After several minutes of back and forth, EGG forgot that he knew nothing about college hoops (he threw off the cloak of faux self-deprecation that he put on again just the other day) and decreed that under Coach Miller's leadership the Buffs would become national title contenders immediately and would be playing in the Final Four in Denver when we were the designated host school in 1990. EGG hoped that his decree would be the final word on the subject, as did the evening's moderator, but it was not. I laughed out loud when he said what he said, which understandably annoyed him. I then told him that as an out-of-state student I would be willing to bet him that what he had first said that evening was correct, which was that he was talking out of his a** and knew nothing of the subject of college basketball. I offered to make it interesting and to wager him a full refund of my four year out-of-state tuition versus a pledge from me to make donations to CU in an amount equal to that tuition nut over the success of the basketball program under Coach Miller. I told him that his optimism was unfounded and that under Miller's tutelage our basketball team would continue to be cannon fodder for everyone we played and that the only way anyone from the CU basketball program would get on the floor at the Final Four in Denver four years hence would be with a pass. I also told him that I was willing to bet that under Miller the team would never win more than a dozen games in a season and that Miller would be let go when the four-year contract he signed on April 2, 1986 expired. EGG refused to accept my bet, telling me that it would be inappropriate for him to take my money. He seemed really irate when I laughed out loud at that comment.
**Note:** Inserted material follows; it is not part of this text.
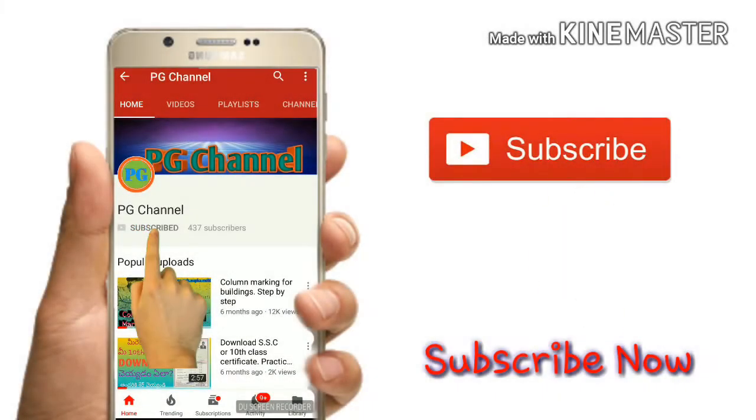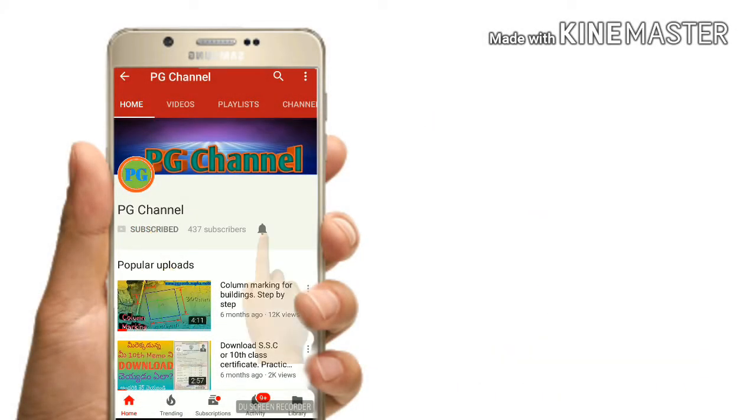Hi friends, like and share and subscribe.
The evening ended with no bet being made. EGG and I never spent any time in one another's company again either. He did however spend some time with my sister Jill about a week after he stopped by Farrand Hall. Jill lived in Baker Hall and as the President of the Dorm was involved in scheduling the night that EGG stopped by there to chat with the residents. Upon being introduced to my sister, EGG asked her if she had any brothers and when she told him that she had a brother who lived in Farrand Hall he told her that I was, "quite a headstrong and opinionated young man", which are two traits that I clearly left in the rear-view mirror a long, long time ago.
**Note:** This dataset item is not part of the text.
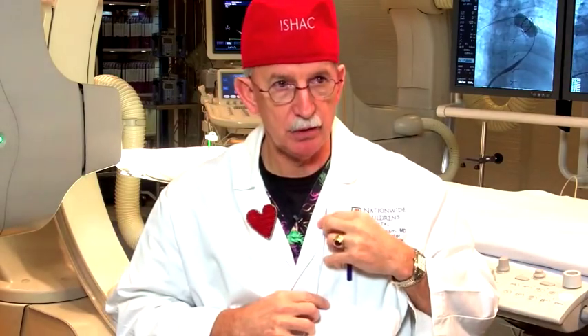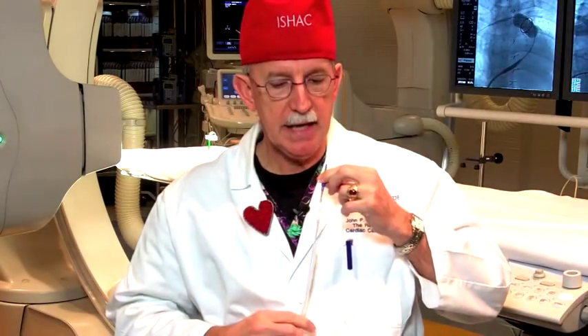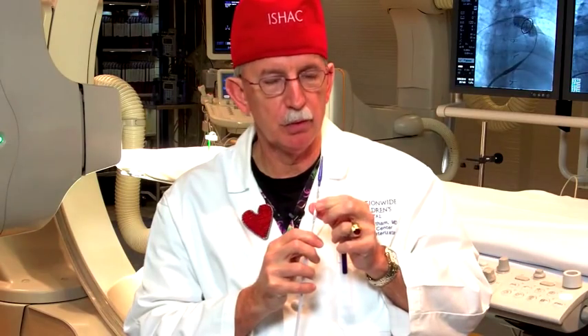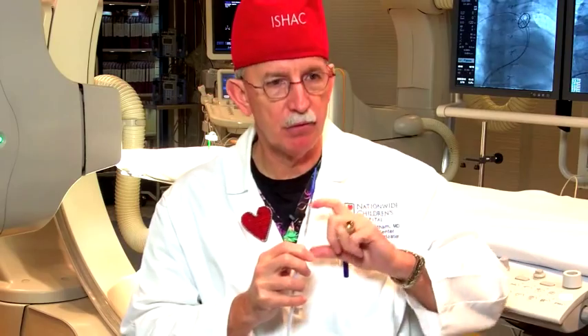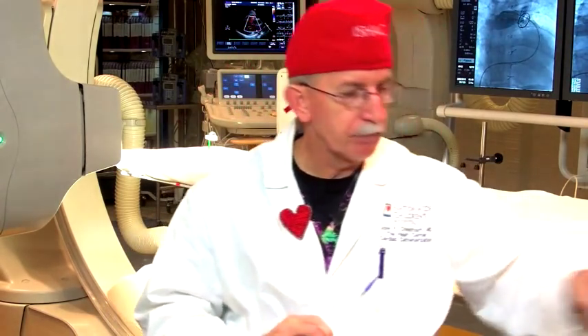With this catheter, we introduce it through a vein in the leg over a wire and get it into position inside the surgical conduit with the valve. Once it's in position, we expose the valve. This balloon — which actually has two balloons — will inflate: the first balloon blows up halfway and takes the valve up halfway, then the second balloon expands the stent and the valve all the way so it fits inside the degenerating surgical graft. Once we take the balloon down and remove the catheter, the valve inside the stent immediately starts to open and close.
What he could not have known that evening - and likely would never have admitted it even had he known - was that his headstrong and opinionated young jousting partner was 100% right. Tom Miller coached the Buffs from the 1986-87 season through the 1989-90 season. During his four years at the helm, the team went 9-19, 7-21, 7-21 and 12-18. When the 89-90 season ended so did Miller Time in Boulder. In 1990, the Final Four was played in Denver Colorado and the University of Colorado was the "host" school. The four participants were Duke University, Georgia Tech University, University of Arkansas and UNLV. Apparently, the dozen victories CU earned that year on the hardwood were not enough to garner an at-large bid to the Big Dance.

It is interesting - but not surprising - to see that twenty-five years further on up the road, EGG is still talking out of his a** on the subject of college athletics. Clearly he brings something to the table as a president of major American universities. He should continue to play to those strengths and adopt a vow of silence about those subjects about which he knows nothing. And in the interim he should remember that as the president of one school, he does nothing but besmirch the reputation of the school he leads when he belittles the achievements of student-athletes at other institutions.

Note to self: I shall check back in another quarter-century to see if he has learned anything. Second note to self: I shall not hold my breath in the interim.